I don't have very much experience in **R** aside from a ~8 hour bootcamp Udemy course I took in Jan 2022. I coded (most of) my entire thesis work in Python mostly through scripts in the command line, and did most of my portfolio and online data science/ML courses using Python with Jupyter notebooks - so Python is much more comfortable to me at this time. I however made it a priority to do the *Analysis* portion of this exercise in **R** as I am aware from the job posting and first interview that **R** is more standard for programming with your company. Given the opportunity to work with you all, I would be very excited to learn more **R**/Tidyverse!

While I appreciate Jupyter Notebooks are NOT the standard for **R** coding, I think this format will allow for better commenting of my work.
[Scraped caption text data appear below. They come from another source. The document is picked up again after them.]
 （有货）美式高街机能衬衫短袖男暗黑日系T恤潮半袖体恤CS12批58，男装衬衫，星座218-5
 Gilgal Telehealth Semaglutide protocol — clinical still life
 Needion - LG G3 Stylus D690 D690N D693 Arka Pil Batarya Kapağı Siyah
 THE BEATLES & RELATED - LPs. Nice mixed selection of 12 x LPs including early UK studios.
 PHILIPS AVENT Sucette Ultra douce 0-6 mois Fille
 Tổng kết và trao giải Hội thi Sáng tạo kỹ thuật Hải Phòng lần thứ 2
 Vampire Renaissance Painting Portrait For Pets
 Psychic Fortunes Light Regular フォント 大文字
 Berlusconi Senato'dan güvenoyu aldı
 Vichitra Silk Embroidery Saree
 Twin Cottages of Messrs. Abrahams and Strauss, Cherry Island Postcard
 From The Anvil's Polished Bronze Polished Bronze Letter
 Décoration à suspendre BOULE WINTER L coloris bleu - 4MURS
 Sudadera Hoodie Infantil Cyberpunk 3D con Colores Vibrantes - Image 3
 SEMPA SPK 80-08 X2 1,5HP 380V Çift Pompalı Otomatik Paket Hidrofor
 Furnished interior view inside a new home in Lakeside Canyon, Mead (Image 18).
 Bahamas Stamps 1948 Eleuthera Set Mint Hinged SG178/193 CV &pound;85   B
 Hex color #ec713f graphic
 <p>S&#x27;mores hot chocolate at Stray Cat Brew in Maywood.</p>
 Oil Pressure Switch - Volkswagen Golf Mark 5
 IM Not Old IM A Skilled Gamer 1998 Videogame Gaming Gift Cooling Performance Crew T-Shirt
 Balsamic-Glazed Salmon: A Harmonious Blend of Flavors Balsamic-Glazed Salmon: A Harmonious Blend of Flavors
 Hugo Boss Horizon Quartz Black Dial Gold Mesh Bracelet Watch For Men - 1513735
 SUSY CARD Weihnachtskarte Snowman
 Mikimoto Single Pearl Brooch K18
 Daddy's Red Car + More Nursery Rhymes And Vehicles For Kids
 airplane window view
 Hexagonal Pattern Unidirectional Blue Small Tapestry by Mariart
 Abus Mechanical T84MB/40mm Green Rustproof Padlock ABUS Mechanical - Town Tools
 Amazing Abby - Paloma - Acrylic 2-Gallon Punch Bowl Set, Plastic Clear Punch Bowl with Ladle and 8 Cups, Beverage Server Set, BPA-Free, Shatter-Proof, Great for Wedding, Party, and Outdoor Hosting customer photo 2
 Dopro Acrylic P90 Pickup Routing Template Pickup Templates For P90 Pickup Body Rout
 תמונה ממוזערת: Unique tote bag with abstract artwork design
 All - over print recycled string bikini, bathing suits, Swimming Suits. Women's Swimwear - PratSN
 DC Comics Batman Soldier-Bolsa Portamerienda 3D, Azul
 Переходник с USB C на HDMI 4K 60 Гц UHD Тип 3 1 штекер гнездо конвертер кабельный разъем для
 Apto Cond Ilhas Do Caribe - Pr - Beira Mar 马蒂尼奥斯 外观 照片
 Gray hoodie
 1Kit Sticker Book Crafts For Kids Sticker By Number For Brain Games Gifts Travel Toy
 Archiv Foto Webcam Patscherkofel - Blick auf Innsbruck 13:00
This portion of the project is done in a Jupyter Notebook, this code is in **R** and was done in Google Colab.

In [1]:
install.packages("tidyverse")
install.packages("lubridate")
install.packages("openxlsx", dependencies = TRUE)

library(tidyverse)
library(lubridate)
library(openxlsx)

Installing package into ‘/usr/local/lib/R/site-library’
(as ‘lib’ is unspecified)

also installing the dependencies ‘textshaping’, ‘ragg’


“installation of package ‘textshaping’ had non-zero exit status”
“installation of package ‘ragg’ had non-zero exit status”
“installation of package ‘tidyverse’ had non-zero exit status”
Installing package into ‘/usr/local/lib/R/site-library’
(as ‘lib’ is unspecified)

Installing package into ‘/usr/local/lib/R/site-library’
(as ‘lib’ is unspecified)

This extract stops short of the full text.